Audios: Audios can concentrate better on what you
are saying
if they turn their ears toward you rather than looking at you. They
might
glance at you from time to time because they have probably heard since
childhood, “Look at me when I’m talking to you!” Looking away and then
glancing
at you is often labeled as being “shifty-eyed.” This may lead to
accusations
that they are hiding something because they don’t maintain eye contact
with
you. Or we might think that they are insecure because they keep looking
away.
For Audios, neither is true. Maintaining eye contact is uncomfortable
for them
and distracting when they are trying to think or are filtering through
what you
are saying to get to the bottom line.
On the other hand, without flinching, Audios can look you in the eye and blatantly lie with a voice reverberating with sincerity. Maintaining personal control is the strongest characteristic for Audios. If they need to lie to maintain that control, they can do so without hesitation or batting an eye. This desire to be in control also makes them look less approachable than the other styles.
Visuals: Visuals need to maintain eye contact with
you unless
they are lying. Then they don’t want to look at you. Their eyes are
very
expressive and reveal much. They don’t want you to see it in their
eyes.
Another time they will look away is when you are trying to find out
what is
upsetting them.
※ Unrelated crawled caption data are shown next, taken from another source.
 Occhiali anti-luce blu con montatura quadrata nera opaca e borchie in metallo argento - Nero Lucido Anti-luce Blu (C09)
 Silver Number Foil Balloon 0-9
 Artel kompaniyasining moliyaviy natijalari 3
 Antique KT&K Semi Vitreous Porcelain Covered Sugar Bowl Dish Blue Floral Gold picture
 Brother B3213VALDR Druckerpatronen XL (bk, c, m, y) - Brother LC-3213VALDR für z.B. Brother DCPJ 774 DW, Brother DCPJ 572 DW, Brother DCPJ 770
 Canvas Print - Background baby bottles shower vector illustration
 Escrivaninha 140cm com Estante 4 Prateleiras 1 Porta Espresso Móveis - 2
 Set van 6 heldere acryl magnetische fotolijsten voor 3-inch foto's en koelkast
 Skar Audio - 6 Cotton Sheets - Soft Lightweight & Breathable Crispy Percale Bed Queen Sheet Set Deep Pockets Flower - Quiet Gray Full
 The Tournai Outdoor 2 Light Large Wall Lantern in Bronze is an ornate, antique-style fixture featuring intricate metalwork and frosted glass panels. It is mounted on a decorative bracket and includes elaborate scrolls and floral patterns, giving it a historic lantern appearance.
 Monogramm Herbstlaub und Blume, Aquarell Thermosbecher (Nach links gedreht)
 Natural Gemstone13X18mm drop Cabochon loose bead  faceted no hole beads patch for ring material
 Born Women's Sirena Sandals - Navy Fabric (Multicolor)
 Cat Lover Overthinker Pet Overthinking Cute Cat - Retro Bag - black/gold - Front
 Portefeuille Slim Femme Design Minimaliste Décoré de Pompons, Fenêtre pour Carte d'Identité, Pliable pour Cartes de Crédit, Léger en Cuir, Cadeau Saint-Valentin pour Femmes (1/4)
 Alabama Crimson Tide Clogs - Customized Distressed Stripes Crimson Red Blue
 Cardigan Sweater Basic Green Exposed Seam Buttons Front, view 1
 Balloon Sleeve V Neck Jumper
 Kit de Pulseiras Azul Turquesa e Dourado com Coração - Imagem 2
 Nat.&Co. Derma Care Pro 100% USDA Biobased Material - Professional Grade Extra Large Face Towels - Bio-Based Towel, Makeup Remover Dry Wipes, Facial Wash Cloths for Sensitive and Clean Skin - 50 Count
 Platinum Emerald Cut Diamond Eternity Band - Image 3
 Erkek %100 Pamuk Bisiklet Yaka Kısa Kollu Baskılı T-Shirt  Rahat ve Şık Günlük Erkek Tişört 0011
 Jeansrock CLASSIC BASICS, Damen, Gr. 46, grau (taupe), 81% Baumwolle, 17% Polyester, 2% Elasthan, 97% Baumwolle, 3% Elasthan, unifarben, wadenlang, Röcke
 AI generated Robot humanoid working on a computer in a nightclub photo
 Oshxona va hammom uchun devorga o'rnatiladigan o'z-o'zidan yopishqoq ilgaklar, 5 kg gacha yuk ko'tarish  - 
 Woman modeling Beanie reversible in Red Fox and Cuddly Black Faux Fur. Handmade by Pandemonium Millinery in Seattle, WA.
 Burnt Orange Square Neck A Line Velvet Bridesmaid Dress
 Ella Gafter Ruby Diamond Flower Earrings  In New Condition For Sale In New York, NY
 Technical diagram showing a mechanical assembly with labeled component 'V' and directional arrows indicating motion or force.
If they are disappointed because something they planned
didn’t
work out and they shift the blame to you, they might retreat with this
disappointment by giving you the silent treatment, including looking
away.
Therefore, when Visuals are shifty-eyed, you know something is amiss.
If
you hurt their feelings you’ll see the deep hurt in their eyes. They
might
stare at you with this hurt momentarily but as the pain intensifies or
if they
are trying not to cry, they will look away. Their bodies seem to sag
from the
rejection–the rejection they are feeling from you and from
themselves
for somehow deserving this sharp word or tongue lashing from you. Once
again,
they were less than perfect. Not meeting their own standards of
perfection that
they have set for themselves may make them “crawl into their caves.”
They need
this space to lick their wounds. Or, they might feel justified to point
out
your imperfections to bring down to their level.
Feelers:
Feelers will often cross
their arms
if they are standing and talking to you. If they look relaxed it’s
simply
because crossing their arms is comfortable. It’s also a place to put
their
hands because otherwise they might reach out and touch you when
talking. In the
workplace, sometimes this could be considered inappropriate. Feelers
will often
disclose what they are feeling. However, when they are upset, their
actions and
body language speak louder than their words because initially they
might say
nothing is wrong. You will know when they are upset because they become
tight-lipped and the usual softness is gone from their eyes. They will
avoid
eye contact if they are trying not to cry.
Feelers
cannot tell a lie unless they believe a white lie is best so they won’t
hurt
your feelings. When all is right with their world, Feelers emanate
warmth with smiling
eyes that look directly into yours.
Wholistic:
Wholistics usually function
closely
through their first and second perceptual styles out of necessity. I
refer to
this as “twin styles.” When they don’t work closely with their second
perceptual style, their body language could be erratic. They might pace
in
circles while thinking out loud, or suddenly stop and walk off in
another
direction because they just thought of something. Likewise, when
speaking they
might interrupt themselves and go off on tangents. Despite a few raised
eyebrows at their actions, they don’t appear to notice or care.
When
Wholistics function as a twin, the second style has an equal influence
on their
body language and lessens the flightiness. For instance, a
Wholistic/Audio still
would prefer to look away while listening or collecting his thoughts
but would
appear more approachable than an Audio. A Wholistic/Feeler would have
her
feelings on her sleeve. It would be easy to read her body language. A
Wholistic/Visual would be more adaptable. Wholistics thrive on change
whereas
Visuals prefer status quo. Therefore his body language would be more
open than
a Visual’s when discussing a change.
Remember
what it was like when we were children and a parent was upset with us
and
yelled at us with exasperation? In an effort not to cry or show that
the words
were cutting us to the core, we would try to have a passive face. Then
to our
astonishment and frustration, upon leaving the parent would turn and
say, “And
wipe that look off your face!” What
look???
My
sister sometimes frowns when I’m talking to her. I thought that meant
she was
confused by what I was saying until I asked her if she needed
clarification.
That’s when I found out she frowns when she is listening intently.
My
face is born to smile. If I don’t smile sometimes people think I’m
upset. One
time I was just sitting and thinking because I was finishing a chapter
and
mulling over how I wanted to summarize it. My husband interrupted my
thoughts
by asking sharply, “What’s the matter?”
Surprised by the
question, I
replied, “Nothing.” Before I could say anything more, he snapped, “Well
then
tell it to your face!” Having the look on your face or other body
language
misinterpreted is frustrating or may even hurt. So we don’t want to do
this to
others.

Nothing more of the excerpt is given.